Günün her salisesi sessiz olan ve en çok uyuyan melezlerin bulunduğu bir kulübenin kapısını yumruklayan kişiye söve söve kalktım. Ya deliydi, ya da fazla cesur. Diyelim ki buranın Uyku Tanrısı Hypnos'un çocuklarının kaldığı kulübe olduğunu bilmiyor, görgü kurallarından da mı haberi yok?
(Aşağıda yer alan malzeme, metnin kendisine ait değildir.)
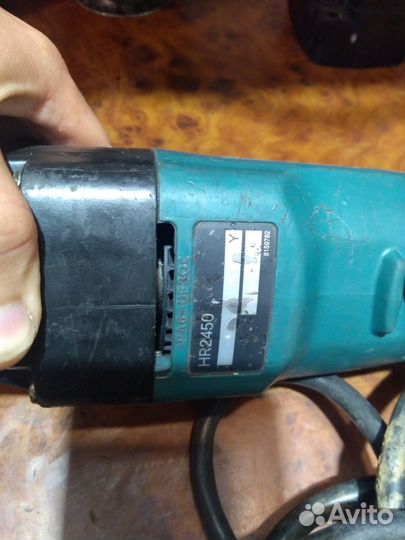 Перфораторы Makita Интерскол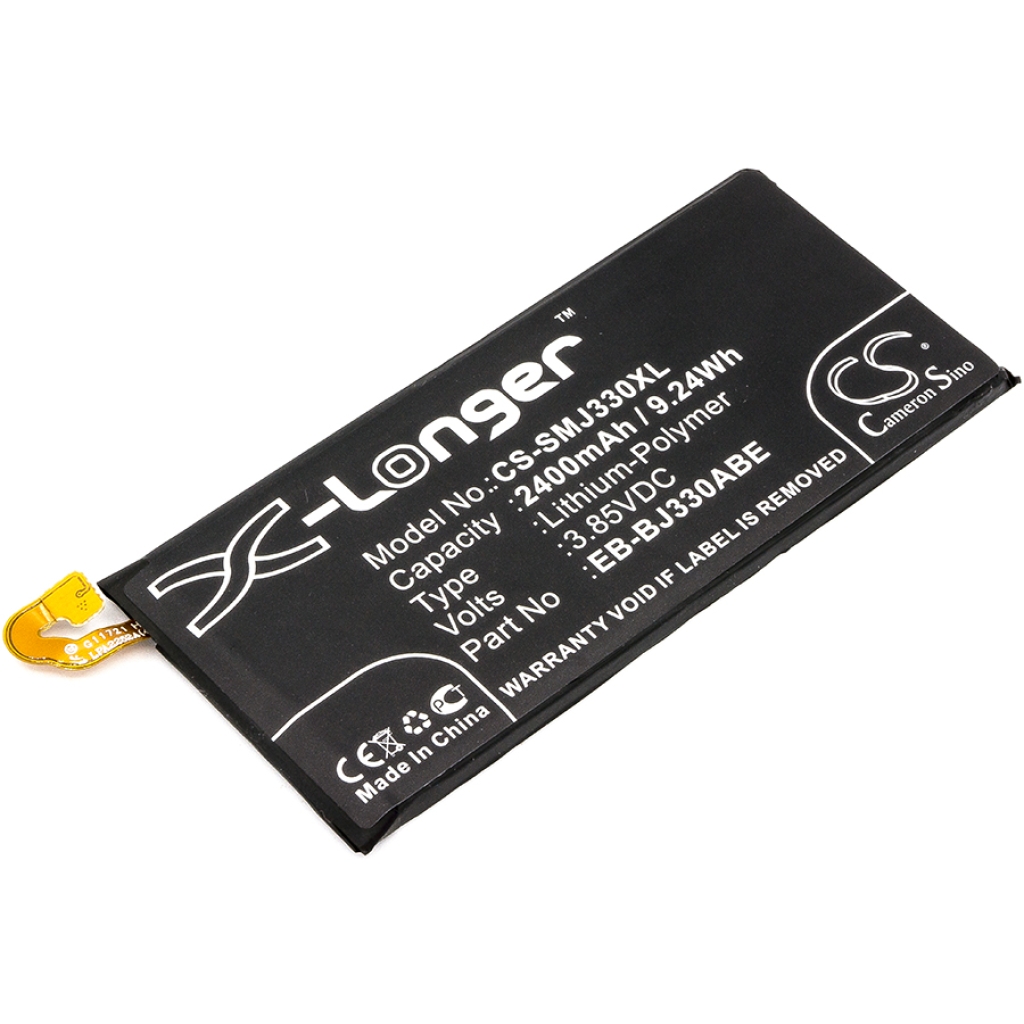 Batteria del telefono cellulare Samsung CS-SMJ330XL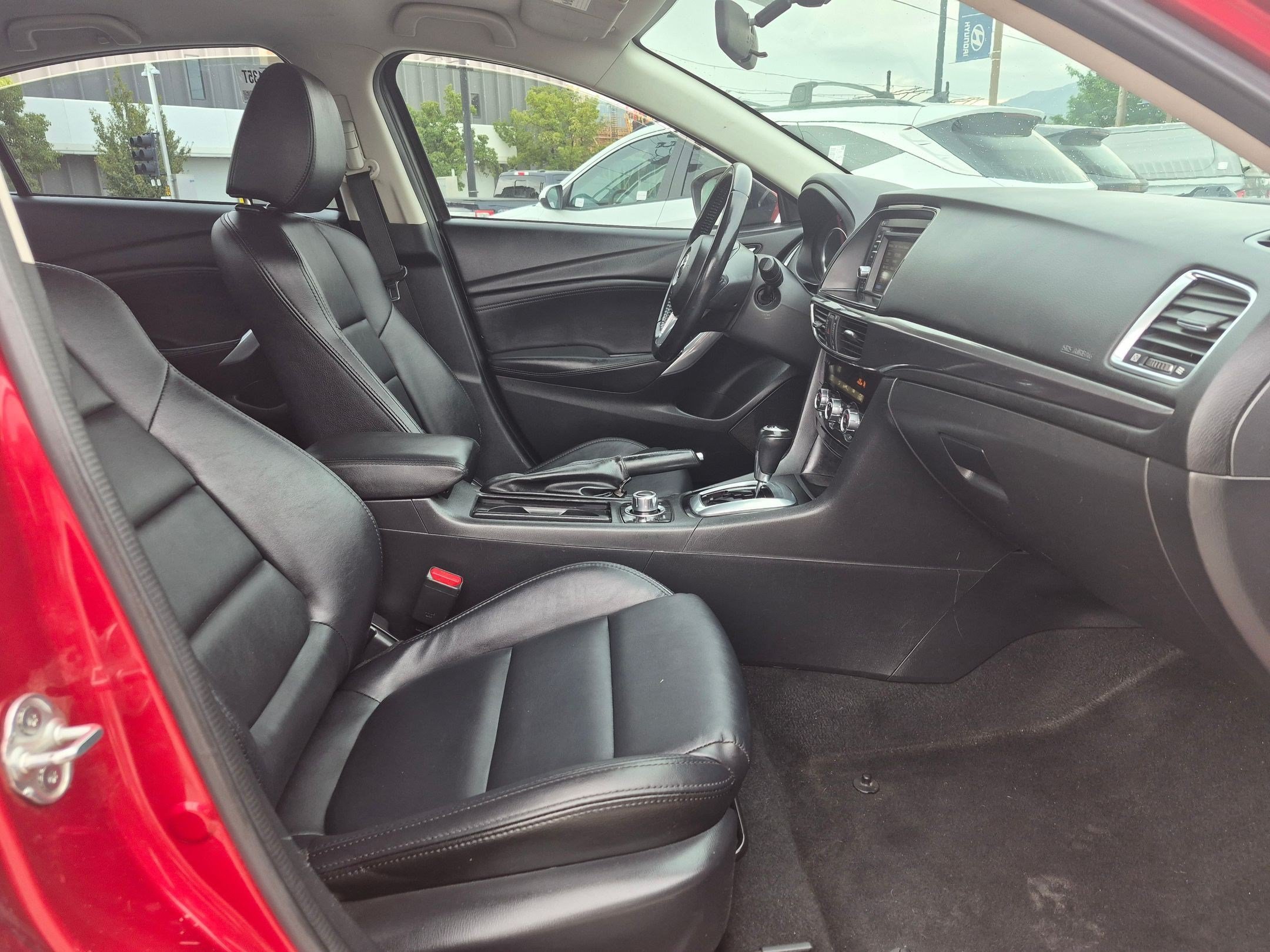 Used 2014 Soul Red Metallic Mazda i Touring image 29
Sinirle kapıyı açtığımda, karşımda henüz tanışmadığım bir melez duruyordu. Derin bir nefes alarak "Bak, kulübenin en sakin kişilerinden birini uyandırdığın için şanslısın. Ya hemen beni uyandırmana neden olan mantıklı nedenini söylersin, ya da seni öyle bir hipnotize ederim ki ömrünün sonuna kadar kendini bir tavuk zannedersin." dedim. Korkmuş görünen çaylak "Apollon kulübesinden Julia diye bir kızın doğum günü partisi var, herkesi davet etmemi söylediler." dedi ve koşarak uzaklaştı. Bu muydu yani? Beni rüyamın en güzel yerinde uyandırmasının sebebi bir parti miydi!? Ben bir Afrodit kızı değildim ki! Gidip onlara duyursa ya!
Kapıyı çarparak içeri girdim. Tüm uykum kaçmıştı ve herkesin uyuduğu bu kulübede en ufak hareketim yankı yapıyordu. Sıkılmaktan başka yapabileceğim hiçbir şey yoktu yani. Aslında vardı! Partiye gidebilirdim, ne de olsa uykumu bölmüşlerdi ve bana katlanmaları şarttı. Sırıtarak "Eh, gitmezsem çok ayıp olur." diye mırıldandım ve hızla hazırlanıp çıktım.
Kamp marketine uğrayıp hediyemi aldıktan sonra Apollon kulübesine gittim. Doğrusunu söylemek gerekirse, o çaylak beni iyi ki uyandırmıştı. Gerçekten çok güzel bir partiydi. Henüz çok kalabalık olmasa da, burası yakında tıklım tıklım olacaktı, adım gibi emindim. Müzik, süsleme, her şey mükemmeldi. Müzik seçimlerineyse söyleyecek söz bulamıyordum. Eh, millet iyi partinin püf noktalarını biliyordu!
Hediyemi henüz küçük olan hediye tepesine bıraktıktan sonra tanıdığım birkaç kişiyle sohbete giriştim. Rüyalar aleminde öğrenmediğim dedikodu kalmamıştı, bakalım gerçek alemde neler oluyordu?